Exercise details — What do the lines from the one containing "Tシャツ（短納期） - XL - ホワイト" through the end of the listing below say? Restate them word for word and give nothing else.

Dataset content —
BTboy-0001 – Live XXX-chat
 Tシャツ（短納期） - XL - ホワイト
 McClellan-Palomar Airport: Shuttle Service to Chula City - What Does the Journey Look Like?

Exercise answer —
 Tシャツ（短納期） - XL - ホワイト
 McClellan-Palomar Airport: Shuttle Service to Chula City - What Does the Journey Look Like?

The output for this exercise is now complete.